De rij van Fibonacci is een beroemde rij getallen waarmee heel wat problemen uit 'de echte wereld' gemodelleerd kunnen worden. Deze rij begint met $0$ en $1$. Ieder volgend element is de som van de twee voorgaande getallen. Het derde getal is dus de som van het eerste en tweede getal, dus $0 + 1 = 1$. Het vierde getal is dan $1 + 1 = 2$ en het vijfde getal dus $1 + 2 = 3$.

De rij van Fibonacci wordt ook wel de konijnenrij genoemd, omdat de manier waarop konijnen zich voortplanten hiermee (niet helemaal realistisch) beschreven kan worden.
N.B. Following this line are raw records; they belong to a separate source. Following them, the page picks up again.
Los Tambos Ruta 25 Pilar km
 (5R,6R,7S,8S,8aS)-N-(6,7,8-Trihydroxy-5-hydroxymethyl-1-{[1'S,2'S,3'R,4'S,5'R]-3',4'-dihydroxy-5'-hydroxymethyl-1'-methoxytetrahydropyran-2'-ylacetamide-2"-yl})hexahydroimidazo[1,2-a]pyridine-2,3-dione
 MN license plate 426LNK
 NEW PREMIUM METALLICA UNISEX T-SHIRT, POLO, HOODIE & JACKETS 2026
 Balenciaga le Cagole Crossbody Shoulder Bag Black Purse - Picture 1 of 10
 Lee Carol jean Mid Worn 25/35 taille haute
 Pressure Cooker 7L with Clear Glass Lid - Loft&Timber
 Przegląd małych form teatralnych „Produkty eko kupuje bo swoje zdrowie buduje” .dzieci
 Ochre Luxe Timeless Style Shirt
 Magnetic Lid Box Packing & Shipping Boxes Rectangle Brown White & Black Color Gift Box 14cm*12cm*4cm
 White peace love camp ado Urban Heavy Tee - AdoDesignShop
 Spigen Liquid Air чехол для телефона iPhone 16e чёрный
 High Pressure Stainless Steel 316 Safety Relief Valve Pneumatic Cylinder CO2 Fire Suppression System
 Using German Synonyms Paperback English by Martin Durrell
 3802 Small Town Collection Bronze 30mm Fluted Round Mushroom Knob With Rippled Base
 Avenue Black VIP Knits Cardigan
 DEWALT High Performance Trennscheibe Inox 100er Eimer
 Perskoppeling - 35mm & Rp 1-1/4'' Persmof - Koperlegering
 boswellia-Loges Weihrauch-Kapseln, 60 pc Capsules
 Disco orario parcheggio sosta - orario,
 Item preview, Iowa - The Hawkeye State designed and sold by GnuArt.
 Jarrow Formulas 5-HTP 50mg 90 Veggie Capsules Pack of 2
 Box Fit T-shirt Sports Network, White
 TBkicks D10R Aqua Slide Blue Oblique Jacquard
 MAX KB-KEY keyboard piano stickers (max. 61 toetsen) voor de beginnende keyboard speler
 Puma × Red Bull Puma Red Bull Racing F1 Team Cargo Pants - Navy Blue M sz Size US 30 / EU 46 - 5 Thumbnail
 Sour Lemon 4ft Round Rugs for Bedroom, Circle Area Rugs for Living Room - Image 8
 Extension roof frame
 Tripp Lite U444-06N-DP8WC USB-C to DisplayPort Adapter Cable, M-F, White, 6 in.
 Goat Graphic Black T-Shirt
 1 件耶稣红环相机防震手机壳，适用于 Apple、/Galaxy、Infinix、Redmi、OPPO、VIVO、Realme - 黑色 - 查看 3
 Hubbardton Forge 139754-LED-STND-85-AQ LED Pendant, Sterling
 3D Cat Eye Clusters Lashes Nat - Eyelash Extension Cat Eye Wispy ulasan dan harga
Het fibonaccigetal beschrijft het aantal konijnenparen, die zich voortplanten. Een nieuw konijnenpaar is de eerste maand nog jong, maar kan in de tweede maand zelf ook nieuwe konijnenparen krijgen. We beginnen met 1 paar konijnen en de konijnen sterven nooit. Het aantal konijnen is dan steeds gelijk aan het aantal konijnen in de vorige maand, plus het aantal nieuwe konijnen: dit is het aantal konijnen twee maanden geleden. Elk paar dat er twee maanden geleden al was, is nu immers volwassen en krijgt een nieuw paar. Het aantal konijnen neemt hiermee exponentieel toe.

  1. Maak een Pythonprogramma dat de eerste 20 getallen uit de Fibonacci-rij op het scherm tovert. Als je het slim doet heb je naast de loop-variabele maar twee andere variabelen nodig om de twee huidige getallen bij te houden. Hierbij is de constructie a, b = 0, 1 handig.

  2. De ratio tussen twee opeenvolgende getallen uit de Fibonacci-rij (te schrijven als $\frac{f(i+1)}{f(i)}$) benadert een getal (de ratio 'convergeert': de ratio neigt dus naar een bepaald getal naarmate $i$ groter wordt). Vind dit getal programmatisch. Weet je welke beroemde ratio dit is?

  3. Experimenteer met verschillende beginwaarden voor $a$ en $b$ en kijk wat er gebeurt met de ratio.